■ **Exercise prompt**:
Your reply should hold every entry below exactly as written and none of the pictures.

··· Information given ···

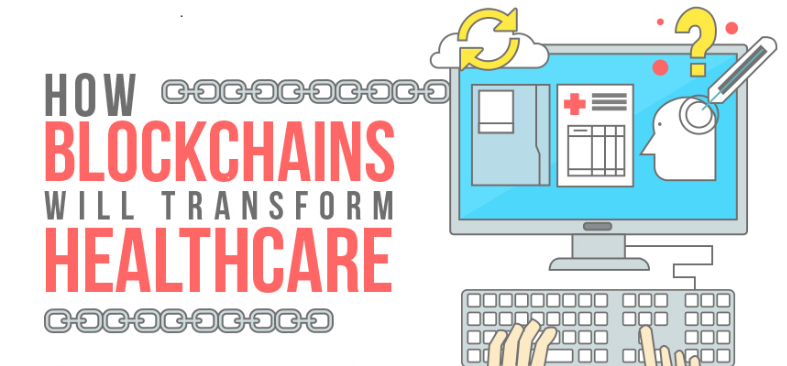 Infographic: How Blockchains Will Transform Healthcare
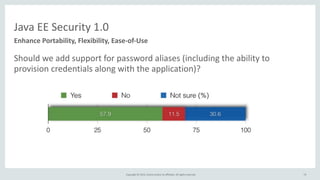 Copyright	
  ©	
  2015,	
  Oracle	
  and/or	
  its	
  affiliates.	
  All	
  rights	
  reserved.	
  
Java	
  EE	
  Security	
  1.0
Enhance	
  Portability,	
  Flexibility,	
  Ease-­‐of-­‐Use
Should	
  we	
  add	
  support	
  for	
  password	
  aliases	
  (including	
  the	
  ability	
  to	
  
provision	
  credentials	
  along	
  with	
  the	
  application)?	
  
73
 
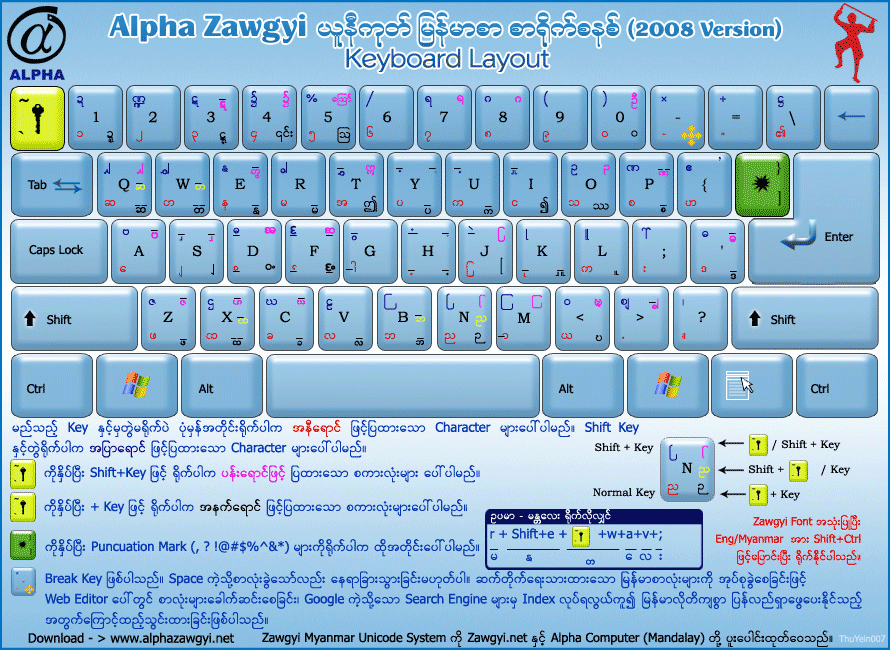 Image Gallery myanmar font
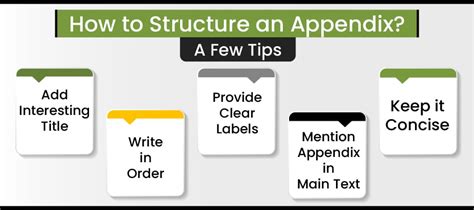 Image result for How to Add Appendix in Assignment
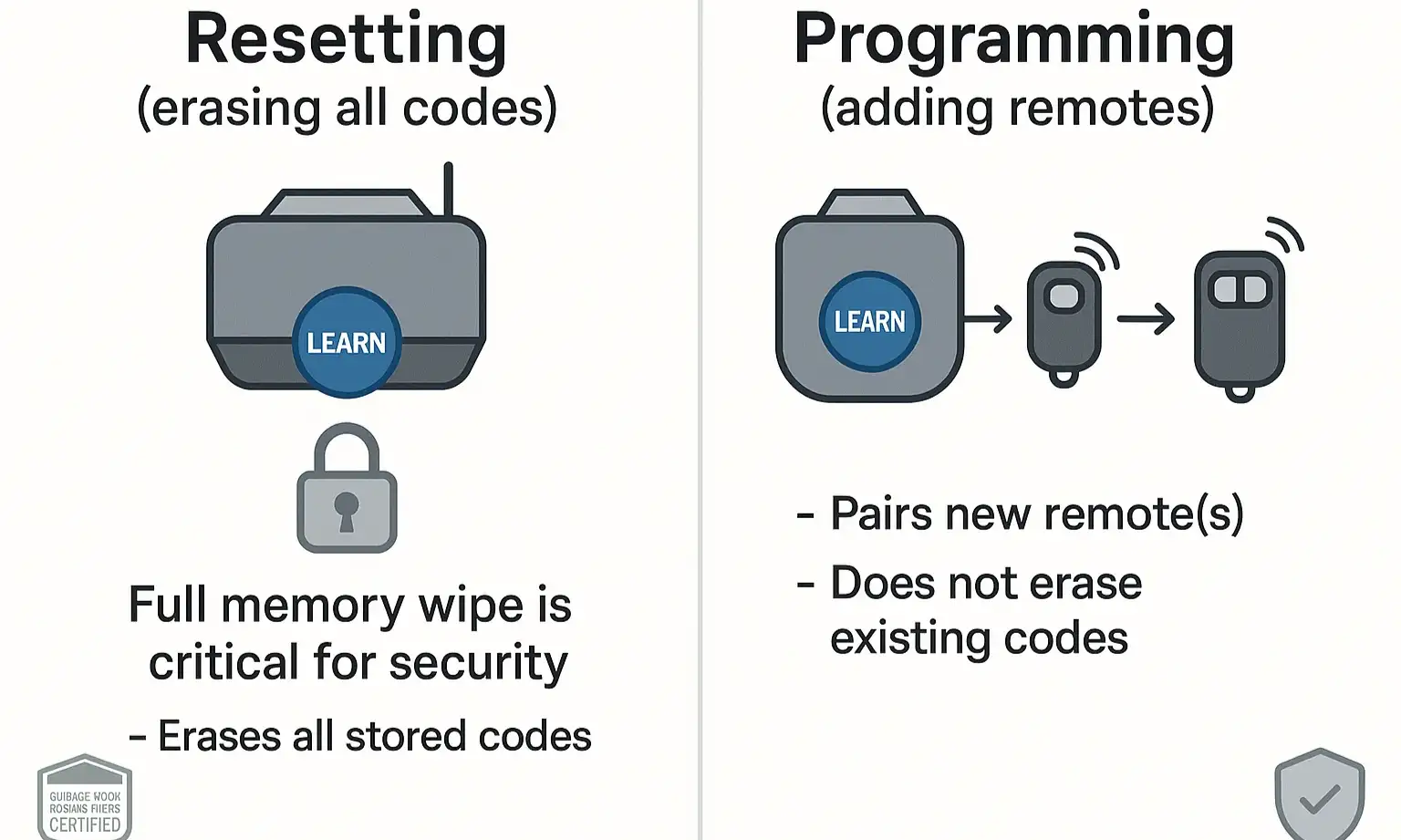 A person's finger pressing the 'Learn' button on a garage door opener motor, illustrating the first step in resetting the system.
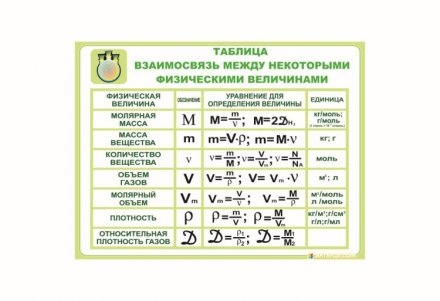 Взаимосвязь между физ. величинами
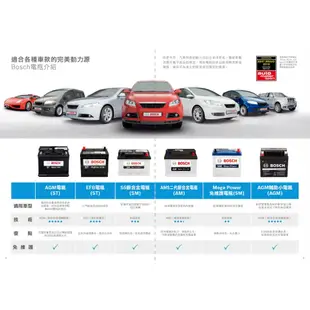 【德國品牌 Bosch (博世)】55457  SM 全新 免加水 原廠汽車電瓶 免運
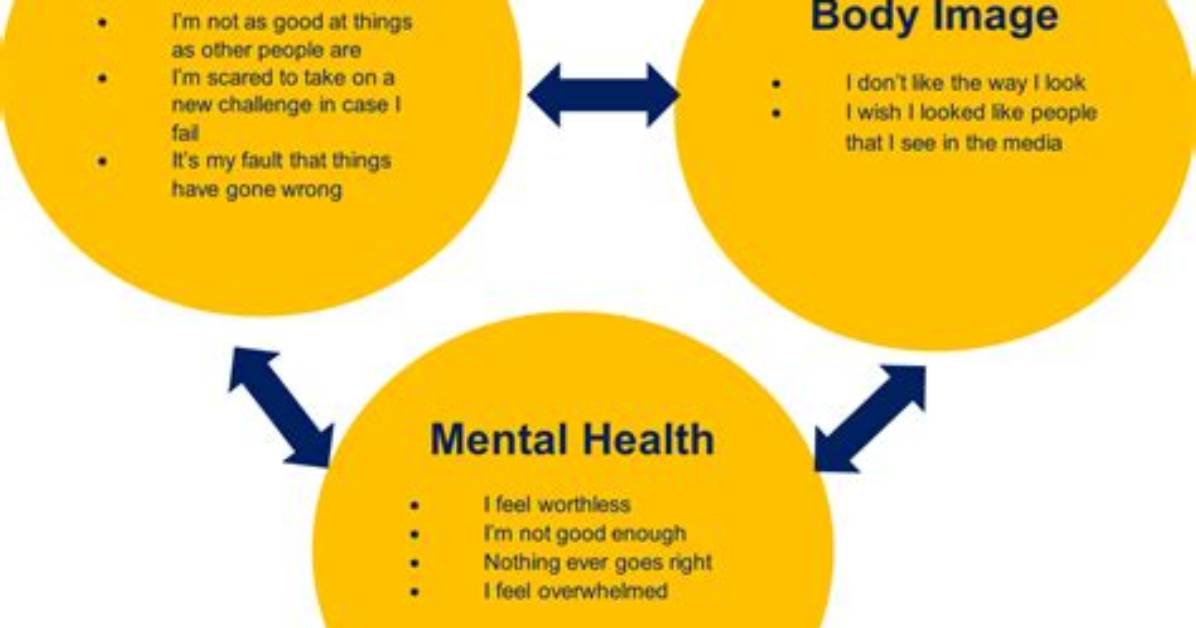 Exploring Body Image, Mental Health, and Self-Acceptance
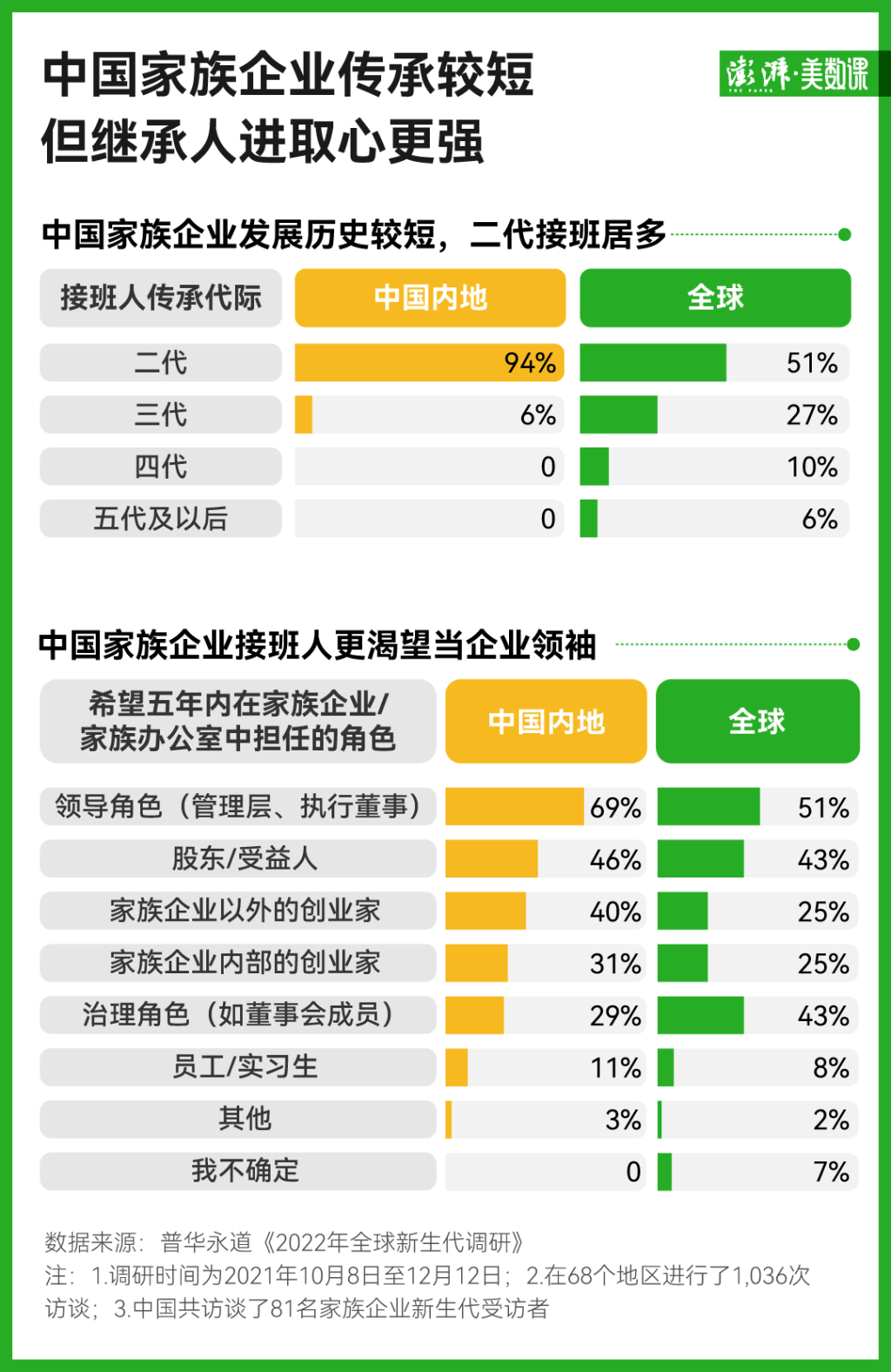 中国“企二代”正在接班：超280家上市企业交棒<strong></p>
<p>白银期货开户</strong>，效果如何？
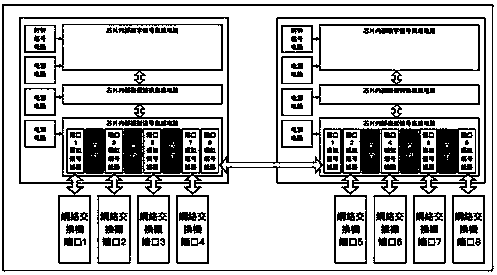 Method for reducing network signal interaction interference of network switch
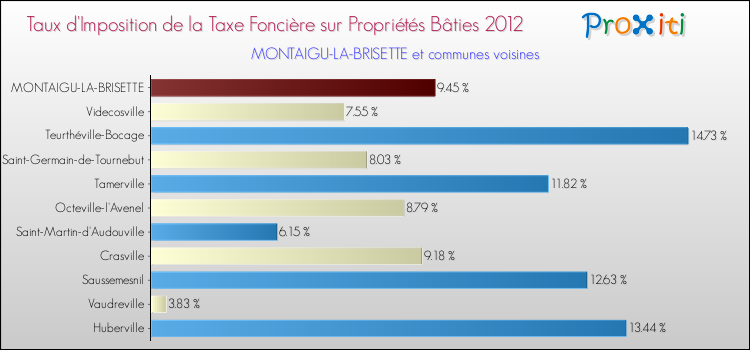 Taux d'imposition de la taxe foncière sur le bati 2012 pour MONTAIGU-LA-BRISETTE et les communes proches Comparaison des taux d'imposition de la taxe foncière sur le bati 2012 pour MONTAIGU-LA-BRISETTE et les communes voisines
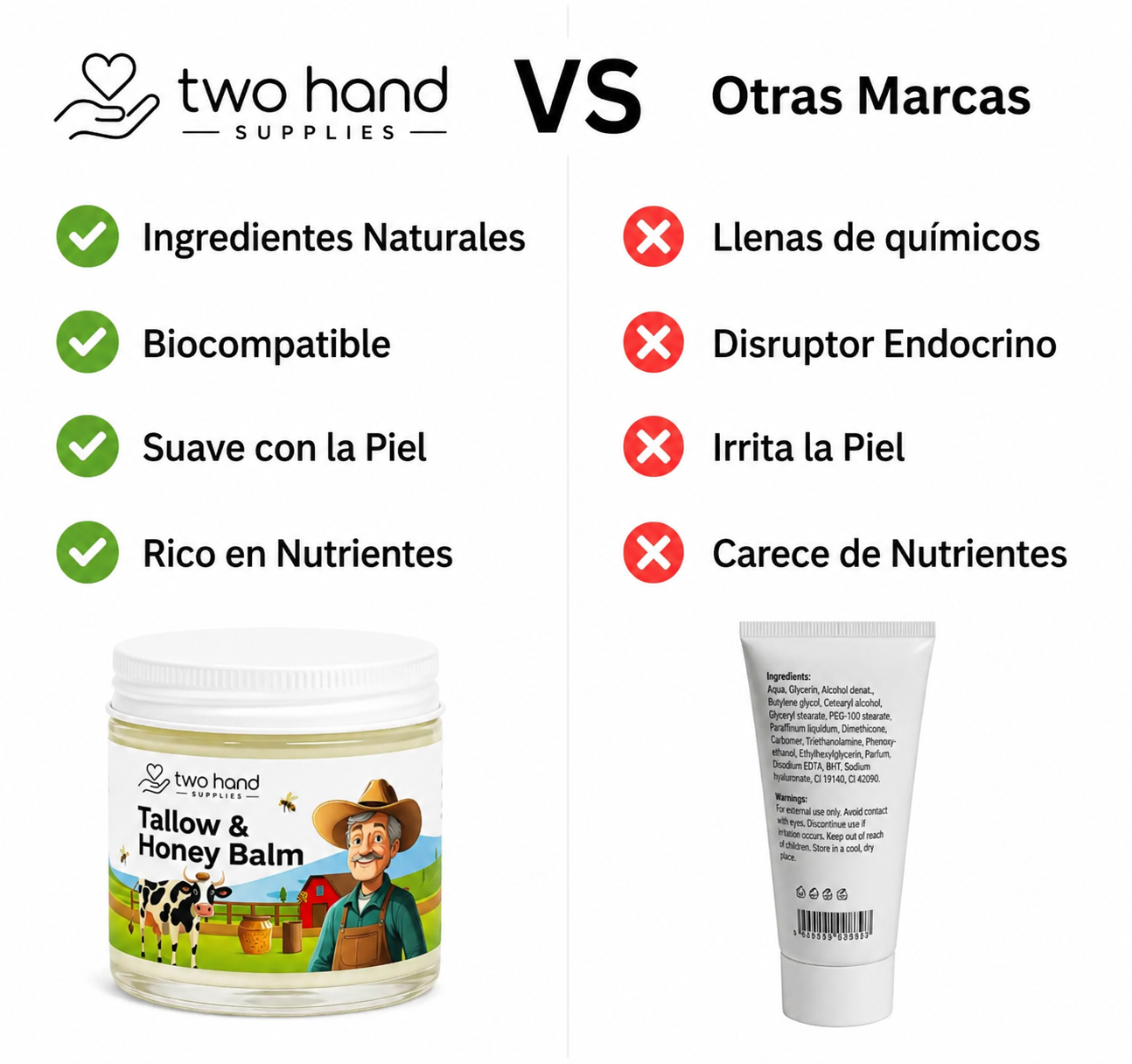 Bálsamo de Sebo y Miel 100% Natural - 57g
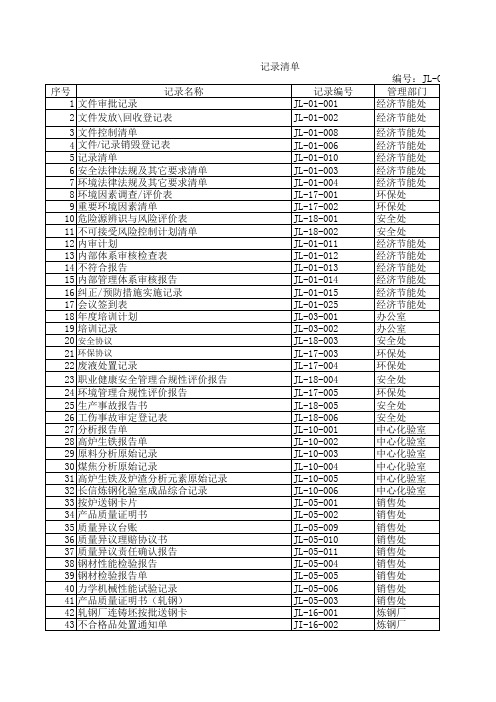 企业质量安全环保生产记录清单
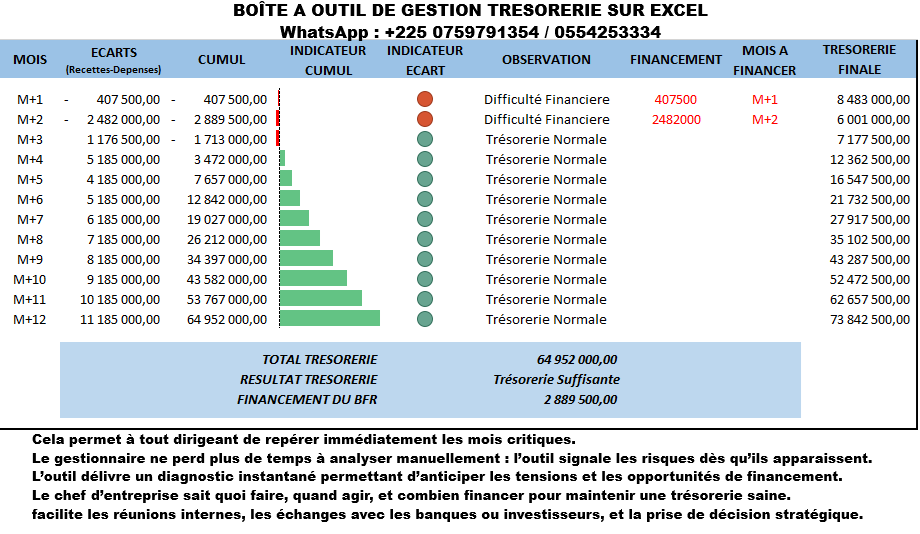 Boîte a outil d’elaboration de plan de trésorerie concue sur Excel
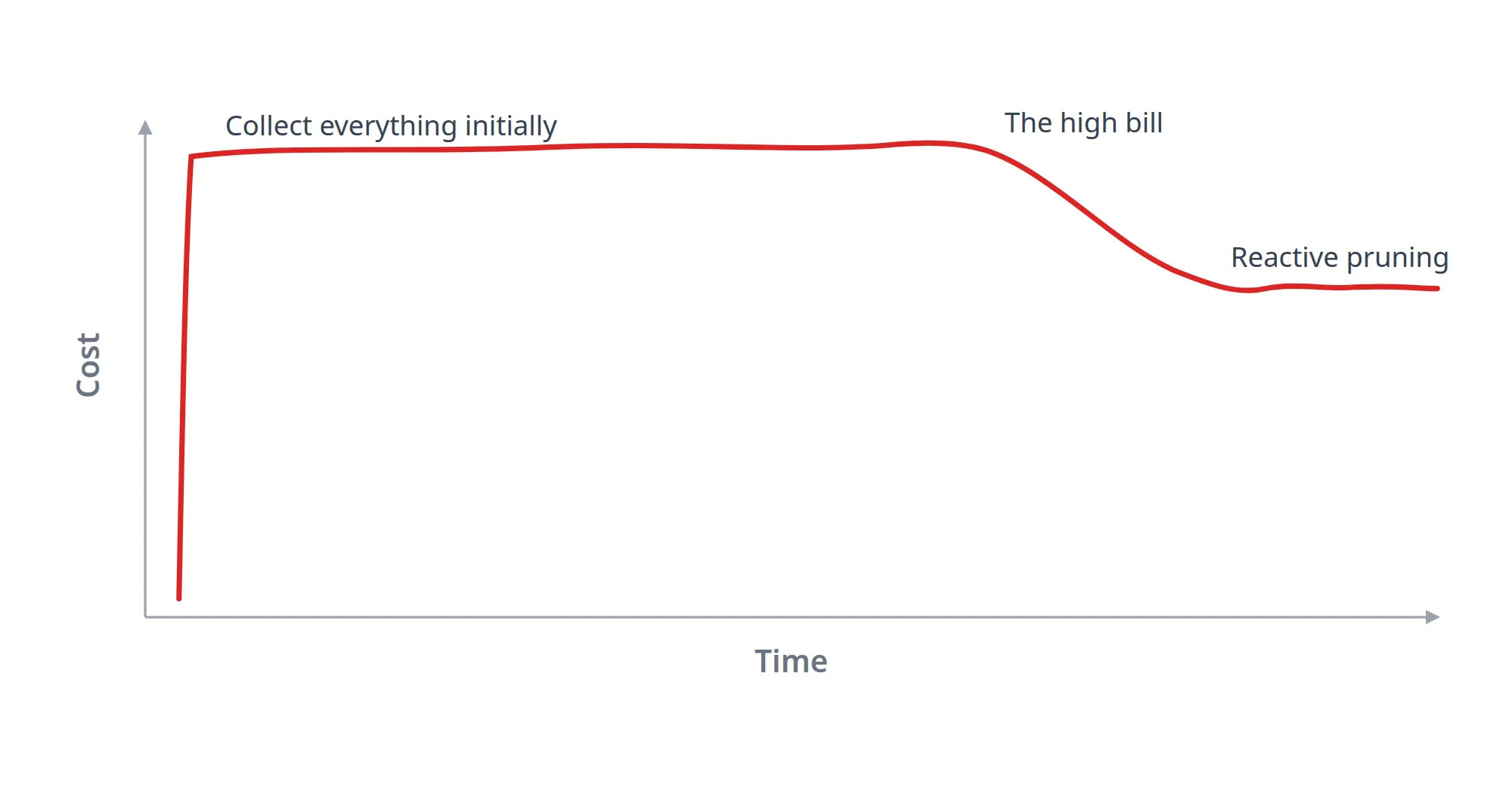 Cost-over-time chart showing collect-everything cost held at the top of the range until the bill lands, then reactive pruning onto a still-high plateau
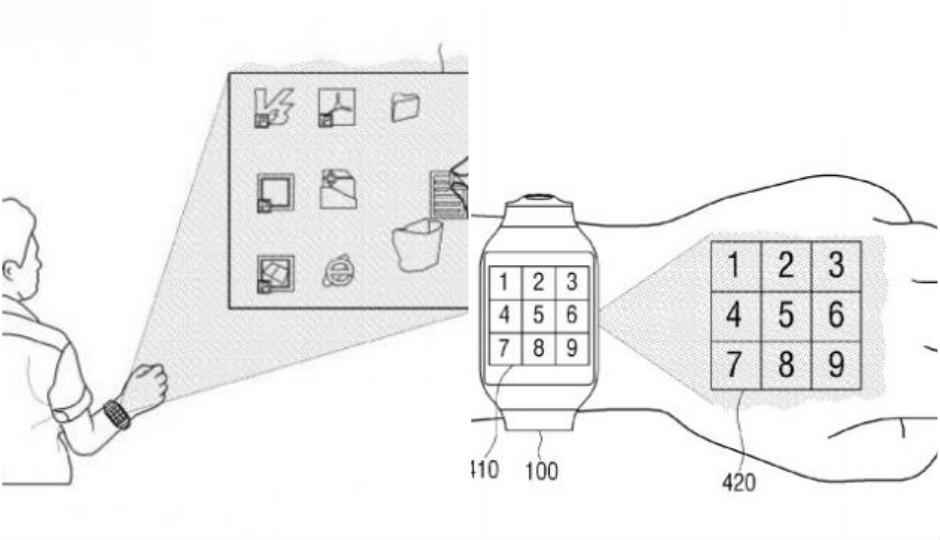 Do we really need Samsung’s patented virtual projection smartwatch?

···

■ **Solution to the problem**:
 Infographic: How Blockchains Will Transform Healthcare
 Copyright	
  ©	
  2015,	
  Oracle	
  and/or	
  its	
  affiliates.	
  All	
  rights	
  reserved.	
  
Java	
  EE	
  Security	
  1.0
Enhance	
  Portability,	
  Flexibility,	
  Ease-­‐of-­‐Use
Should	
  we	
  add	
  support	
  for	
  password	
  aliases	
  (including	
  the	
  ability	
  to	
  
provision	
  credentials	
  along	
  with	
  the	
  application)?	
  
73
 
 Image Gallery myanmar font
 Image result for How to Add Appendix in Assignment
 A person's finger pressing the 'Learn' button on a garage door opener motor, illustrating the first step in resetting the system.
 Взаимосвязь между физ. величинами
 【德國品牌 Bosch (博世)】55457  SM 全新 免加水 原廠汽車電瓶 免運
 Exploring Body Image, Mental Health, and Self-Acceptance
 中国“企二代”正在接班：超280家上市企业交棒<strong></p>
<p>白银期货开户</strong>，效果如何？
 Method for reducing network signal interaction interference of network switch
 Taux d'imposition de la taxe foncière sur le bati 2012 pour MONTAIGU-LA-BRISETTE et les communes proches Comparaison des taux d'imposition de la taxe foncière sur le bati 2012 pour MONTAIGU-LA-BRISETTE et les communes voisines
 Bálsamo de Sebo y Miel 100% Natural - 57g
 企业质量安全环保生产记录清单
 Boîte a outil d’elaboration de plan de trésorerie concue sur Excel
 Cost-over-time chart showing collect-everything cost held at the top of the range until the bill lands, then reactive pruning onto a still-high plateau
 Do we really need Samsung’s patented virtual projection smartwatch?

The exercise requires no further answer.